- Problem description
Beginning with the line containing "Porte arriere droit" and going on through the line containing "Photo of Others in Dubai Marina", the lines below are to be returned exactly, pictures excluded and nothing added.

- Information
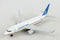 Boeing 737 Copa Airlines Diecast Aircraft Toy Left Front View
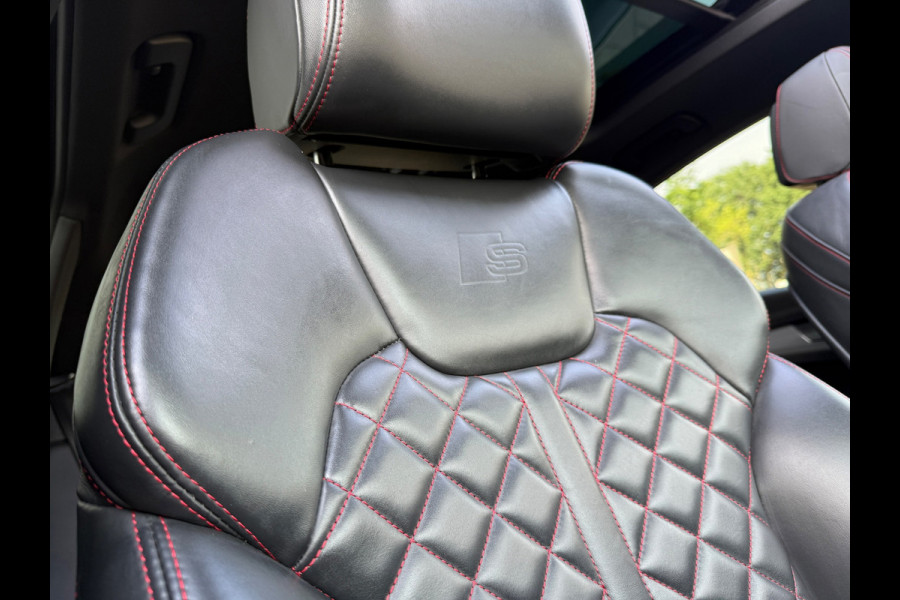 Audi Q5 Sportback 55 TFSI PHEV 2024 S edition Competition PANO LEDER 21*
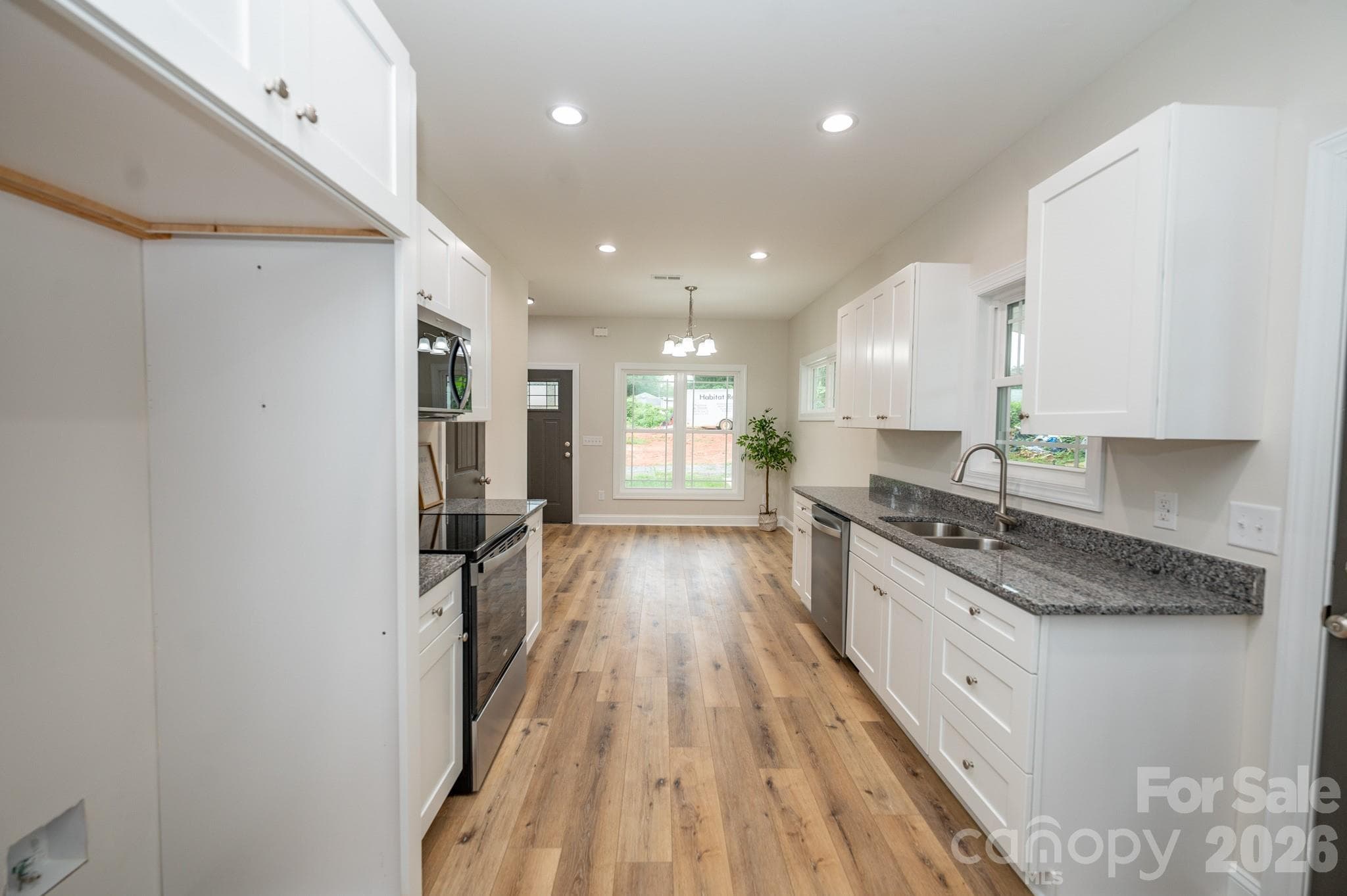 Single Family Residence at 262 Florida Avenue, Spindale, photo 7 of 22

* * *

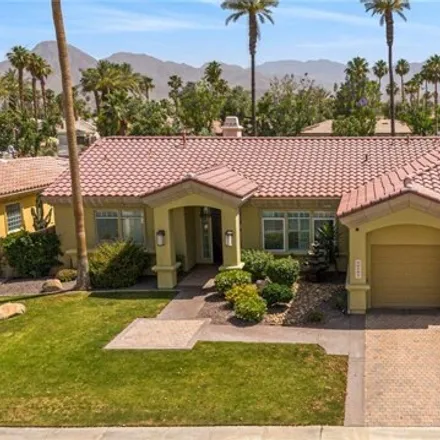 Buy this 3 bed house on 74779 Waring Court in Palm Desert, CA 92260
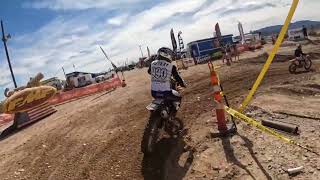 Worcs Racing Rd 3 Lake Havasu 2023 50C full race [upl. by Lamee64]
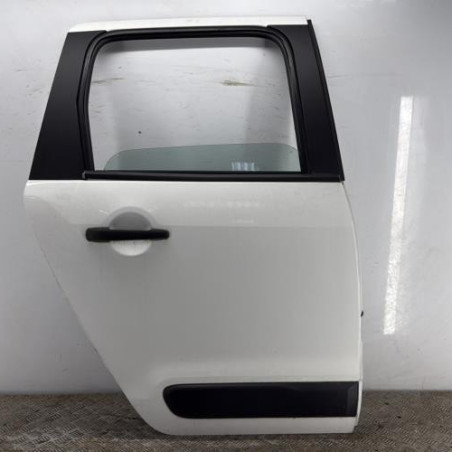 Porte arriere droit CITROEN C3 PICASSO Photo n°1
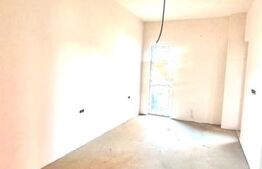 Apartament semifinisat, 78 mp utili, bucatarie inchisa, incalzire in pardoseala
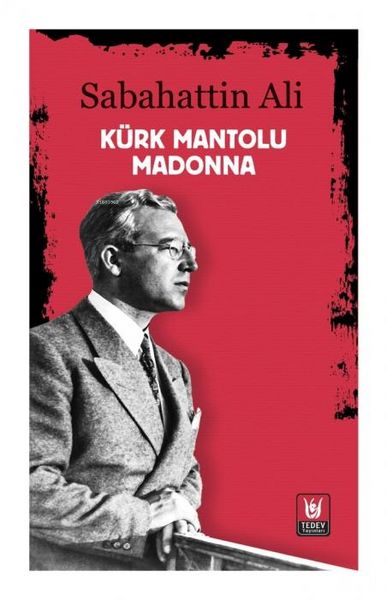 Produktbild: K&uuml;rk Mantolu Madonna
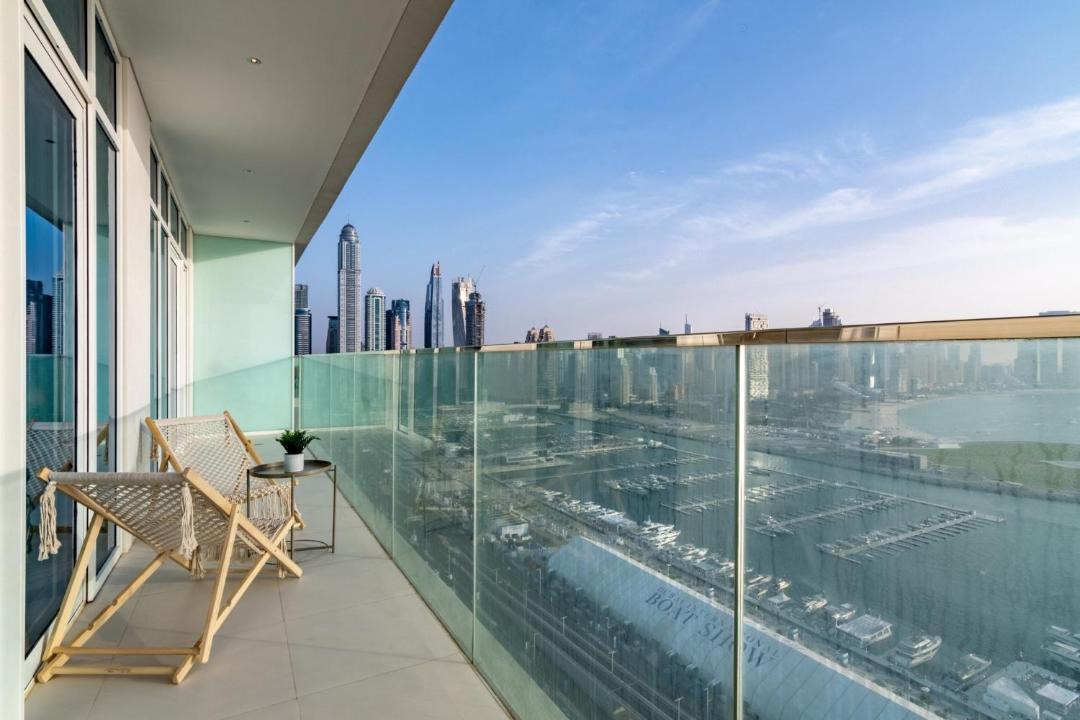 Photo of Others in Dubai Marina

- Task output
 Porte arriere droit CITROEN C3 PICASSO Photo n°1
 Apartament semifinisat, 78 mp utili, bucatarie inchisa, incalzire in pardoseala
 Produktbild: K&uuml;rk Mantolu Madonna
 Photo of Others in Dubai Marina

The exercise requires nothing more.